In an opinion written by Justice Sonia Sotomayor, the court agreed with the NRA’s legal theory, concluding that the lawsuit “plausibly alleges that Vullo threatened to wield her power against those refusing to aid her campaign to punish the NRA’s gun-promotion advocacy.”

“If true, that violates the First Amendment,” Sotomayor wrote.

The NRA, which had legal representation from the American Civil Liberties Union, declared victory.

“The opinion confirms what the NRA has known all along: New York government officials abused the power of their office to silence a political enemy,” William Brewer III, one of the NRA’s lawyers, said in a press release. “This is a victory for the NRA’s millions of members and the freedoms that define America.”

However, the 9-0 decision is not the final word. The Supreme Court assessed the constitutional argument under the assumption that the NRA’s claims are true. Now, a lower court must hash out whether the advocacy group’s factual allegations have merit.

Vullo, who was the sole defendant in the Supreme Court appeal, could also still prevail based on a legal doctrine called “qualified immunity,” which can shield government officials from legal liability.

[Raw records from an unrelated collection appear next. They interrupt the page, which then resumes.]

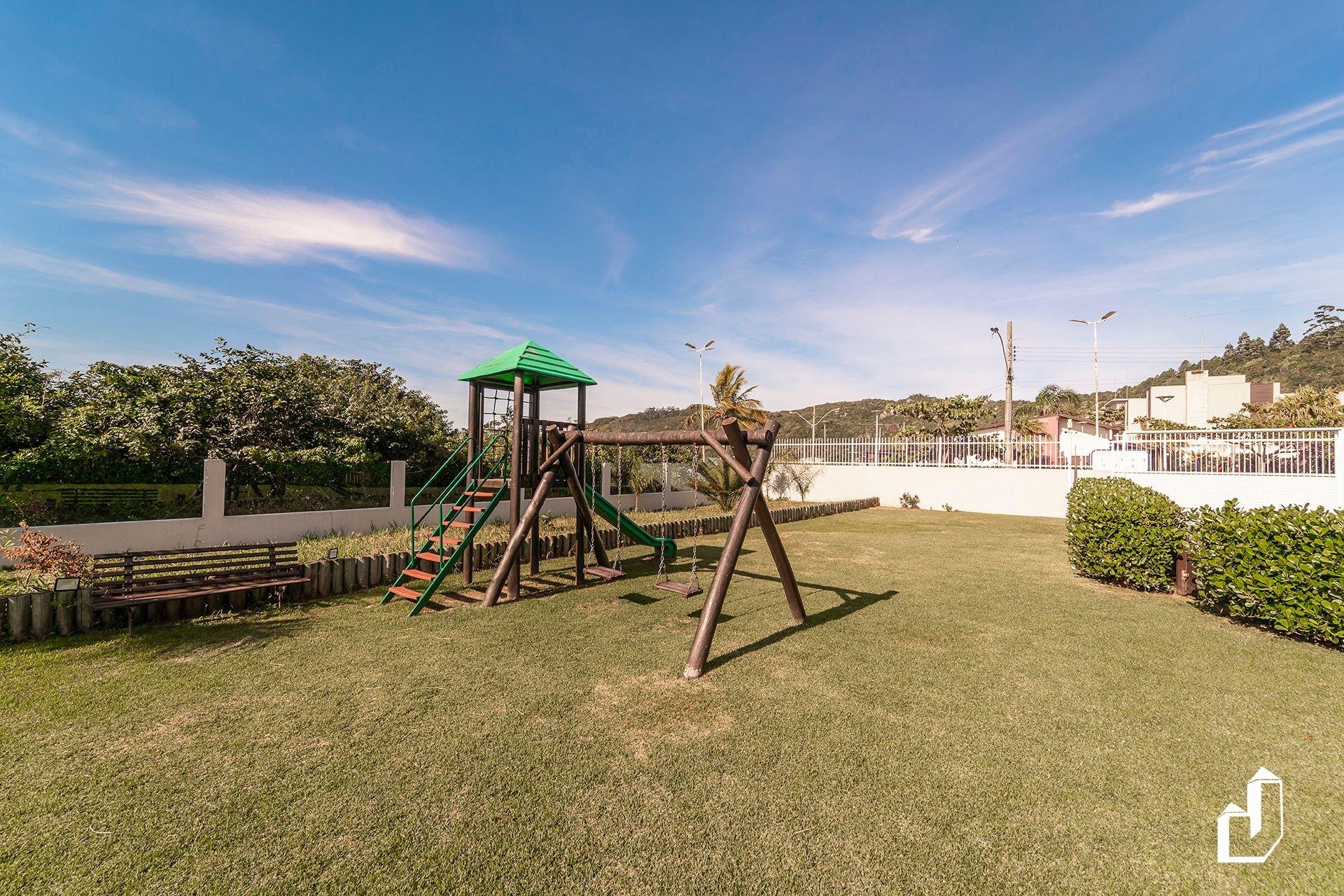 image-housing-carousel
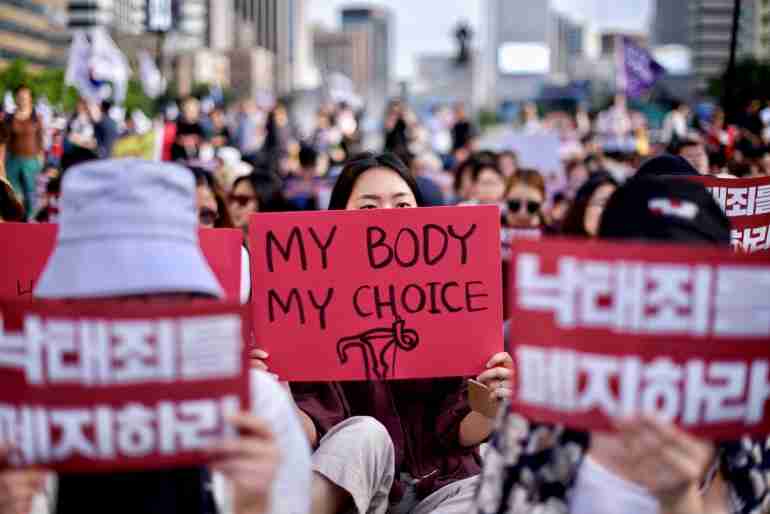 countries abortion support legal south korea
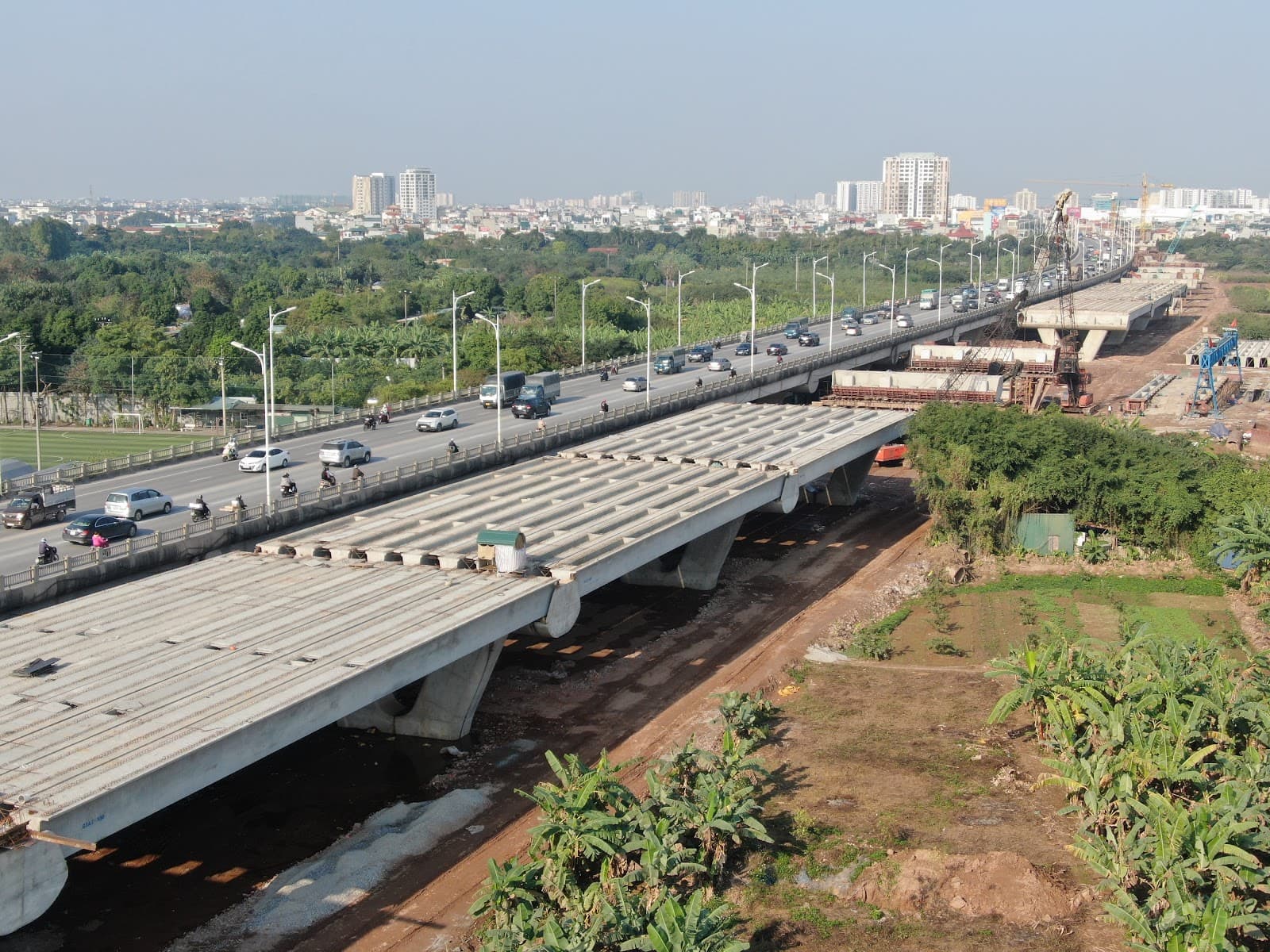 Long Bien District (between Cau Vinh Tuy and Cau Thanh Tri) - Image 1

Neal Katyal, a lawyer at Hogan Lovells who represented Vullo, expressed disappointment in the Supreme Court’s decision. “Ms. Vullo did not threaten, coerce or retaliate against anyone in the performance of her duties,” he said in a written statement. 

“This case will now go back to the 2nd Circuit, which threw out the lawsuit on qualified immunity grounds before,” Katyal said. “The Supreme Court did not address the qualified immunity decision of the 2nd Circuit, and we are confident Ms. Vullo’s claim of qualified immunity will be reaffirmed.”

New York’s response to a mass school shooting

The events at issue in the lawsuit played out against the backdrop of the Feb. 14, 2018, mass killing at Marjory Stoneman Douglas High School in Parkland, Florida. Then-New York Gov. Andrew Cuomo was among the Democratic politicians who denounced the NRA.

In April 2018, the Cuomo administration issued a press release that referenced the Parkland shooting and stated that the governor had “directed the Department of Financial Services to urge insurance companies, New York State-chartered banks and other financial services companies licensed in New York to review any relationships they may have with the National Rifle Association and other similar organizations.”

The same day, the Department of Financial Services issued letters to state-regulated banks and insurers, providing guidance regarding “risk management relating to the NRA and similar gun promotion organizations.”

“DFS is encouraging regulated entities to consider reputational risk and promote corporate responsibility in an effort to encourage strong markets and protect consumers,” the Cuomo administration said in its April 19, 2018, press release. “A number of businesses have ended relationships with the NRA following the Parkland, Florida, school shooting in order to realign their company’s values.”

Before the Parkland shooting, the New York State Department of Financial Services had been investigating an insurance policy offered to NRA members. The investigation found that the policy insured gun owners from intentional criminal acts in violation of New York law, and that the NRA promoted the policy without the required insurance producer license.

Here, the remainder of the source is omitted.